= Emil Naclerio =

American physician (1915–1985)

Emil A. Naclerio (March 21, 1915 – October 14, 1985) was an American doctor and surgeon who is most notable for operating on Dr. Martin Luther King Jr. to save his life after a 1958 assassination attempt.

== Attempted assassination of MLK ==
Izola Curry stabbed the reverend Martin Luther King Jr. in the chest with a letter opener on September 20, 1958, at book-signing in a Harlem department store. NYPD police officers Al Howard and Phil Romano took King in the chair down to an ambulance that took King to Harlem Hospital, and its top team of trauma surgeons, Dr. John W. V. Cordice, Jr., Dr. Emil Naclerio, Farrow Allen, and Aubré de Lambert Maynard were called in to operate.
  Emil Naclerio had been attending a wedding and arrived still in a tuxedo.

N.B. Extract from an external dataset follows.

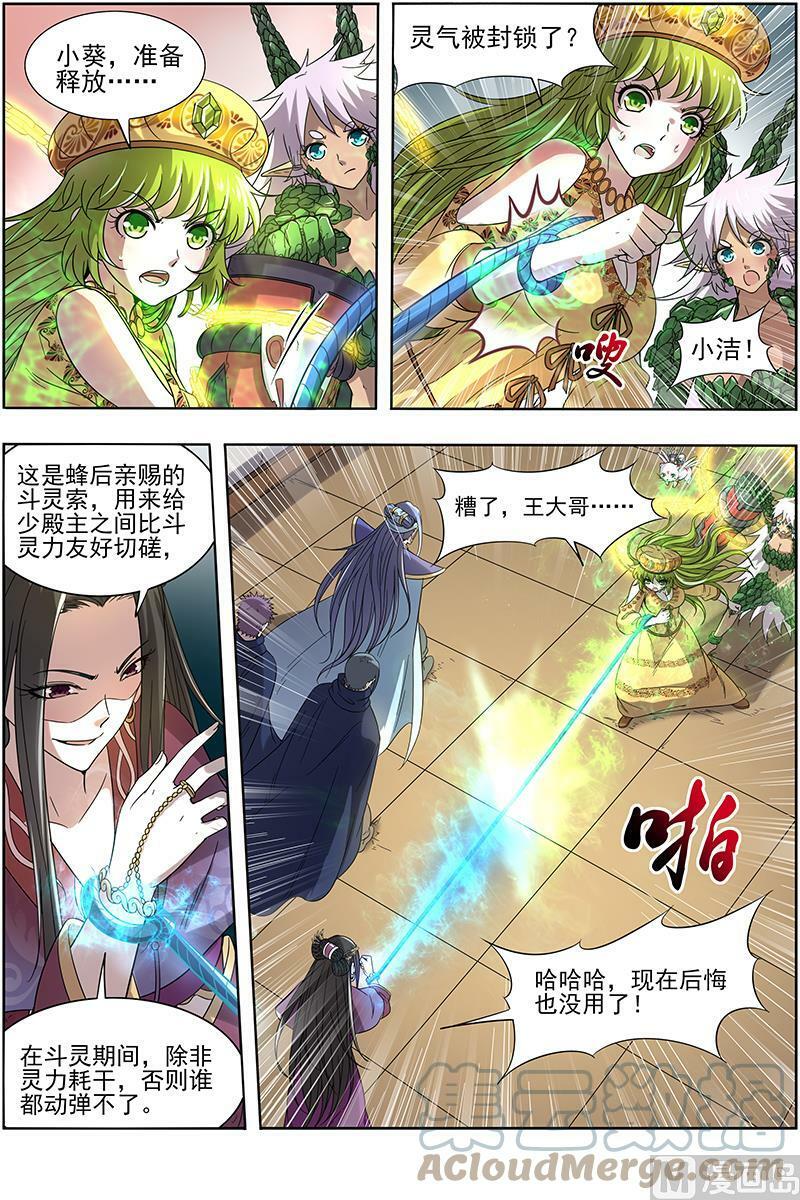 016-02 16魔念篇：凶性爆发10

They made incisions and inserted a rib spreader, making King’s aorta visible. Chief of Surgery Maynard then entered and attempted to pull out the letter opener, but cut his glove on the blade; a surgical clamp was finally used to pull out the blade. Cordice mapped out a strategy and successfully saved Dr. King. He was the subject of the book When Harlem Nearly Killed King: The 1958 Stabbing of Dr. Martin Luther King, by Hugh Pearson.

==Personal life==
His son, Ron Naclerio is an author and all time winningest coach for the PSAL league.